Рулетенбург - Леонид Гроссман 7 стр.


Душный зал, заставленный мебелью, бронзой, статуями. Диваны от Гамбса, обои от Шеффера. На одном канделябре билетик: заложен 8 декабря на десять месяцев в 75 рублях. На подоконнике сафьянные коробки от драгоценностей. Сухой поседелый процентщик – янтарно-желтая кожа, весь в сухожилиях, с носом горбатым и взглядом пронзительным. Вспомнился сразу Гобсек: лицо, пахнущее золотом.

– Я снова прибегнуть решил к вашей помощи…

– Разве?.. – сухо удивился старик. – Ведь двадцатого срок вашему заемному письму.

– Но вы согласитесь, вероятно, отсрочить и не откажете переписать мой вексель с новой суммой.

– Никак не могу-с. До уплаты старого долга с причитающимися процентами…

– Я уплачу вам полностью, верьте мне. Вот опекун мне пришлет… На днях лишь отчет по опеке получен. Одного зернового хлеба…

– Ну, что же, тогда мы с вами потолкуем о новом займе. А без залога в нашем деле нельзя-с…

– Ну, возьмите эту булавку, от отца память.

Он вынул из галстука золотую ястребиную лапу с жемчужным яйцом.

– Да не много стоит…

Хозяин взвесил старинную драгоценность на легких, аптекарского типа весах.

– Ну, для вас так и быть – двадцать пять рублей.

– Что вы? Вещь тысячная…

– Двадцать пять рублей серебром. Проценты за прежнее вычтем…

Выхода не было. Достоевский подписывал новое заемное письмо и быстро пересчитывал пачку билетов.

Старик, вписав в книгу новый заем, снимал нарукавники (он берег свой сюртук). Закончив сделку, он становился любезнее.

– Эх, господа литераторы, жить не умеете…

– Вы бы научили…

– Так вот, живой пример для вас. Не расточал гонораров своих по пивным да шустер-клубам – и вот богаче самого Брамбеуса.

– Ну, да не всякому ведь дана такая выдержка. Чей это портрет у вас?

В светлой бронзовой раме высился у толстой массивной колонны полный субъект в цилиндре, чулках со стрелками и башмаках, опустив одну руку в карман, а другою держа перед собою банкнот.

– Это? Победитель при Ватерлоо.

– Как же так? Быть не может! Веллингтон? Блюхер?

– Нет-с. Натан Ротшильд. Вот он стоит у колонны Лондонской биржи, откуда владычествует вселенной. Вы видите надпись?

На нижнем поле гравюры был выписан стих из "Гимна радости" Шиллера:

Seid umschlungen Millionen!

– Почему же он "победитель под Ватерлоо"?..

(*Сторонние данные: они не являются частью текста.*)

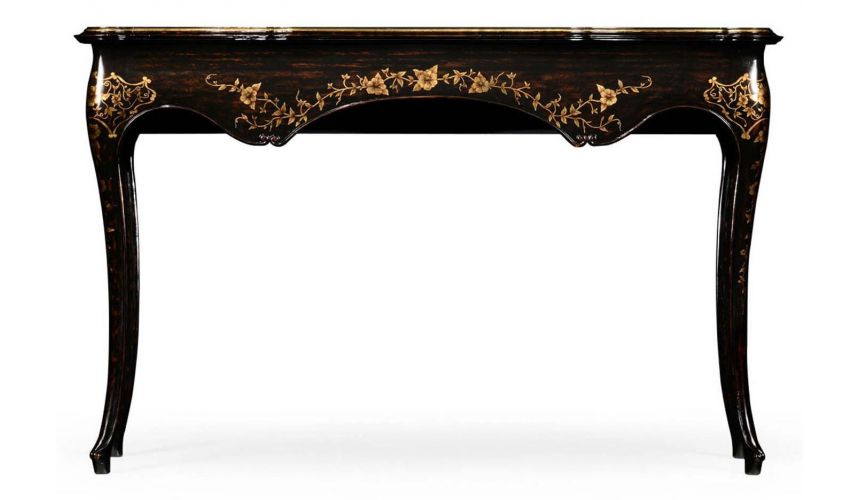 Square & Rectangular Side Tables Designed Table with Black Painted Side-09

– Как, вы не знаете? А еще литератор! Стыдитесь! Ведь лондонский Ротшильд, предвидя разгром Наполеона, накануне решительной битвы переплывает Ламанш и держится и тылу английской армии. Чувствуя близость кризиса, он выезжает на поле сражения и зорко следит за действиями обеих армий. Когда же императорская гвардия, ринувшись в атаку под командой маршала Нея, была отброшена и смята Веллингтоном, Натан Ротшильд под грохот и завывание пушек поскакал обратно в Брюссель. В Остенде рыбаки отказываются перевезти его – на Ламанше буря. Он бросает им две тысячи франков, и через несколько часов он уже в Дувре. Лучшие почтовые лошади мчат его в Лондон, и наутро он стоит на фондовой бирже у своей любимой колонны. Правительственные курьеры еще не прибыли, никто на всем острове еще не знает о последнем непоправимом поражении Наполеона, кроме этого толстого биржевика. Его официальные и тайные агенты действуют вовсю. Снижение ценностей, скупка бумаг. В один день Натан Ротшильд нажил полтора миллиона фунтов стерлингов и по праву назвал этот день "победой под Ватерлоо". Вас, я вижу, заинтересовал этот случай. В "Библиотеке для чтения", кажется в 1836 году, можете об этом прочесть мой точный отчет…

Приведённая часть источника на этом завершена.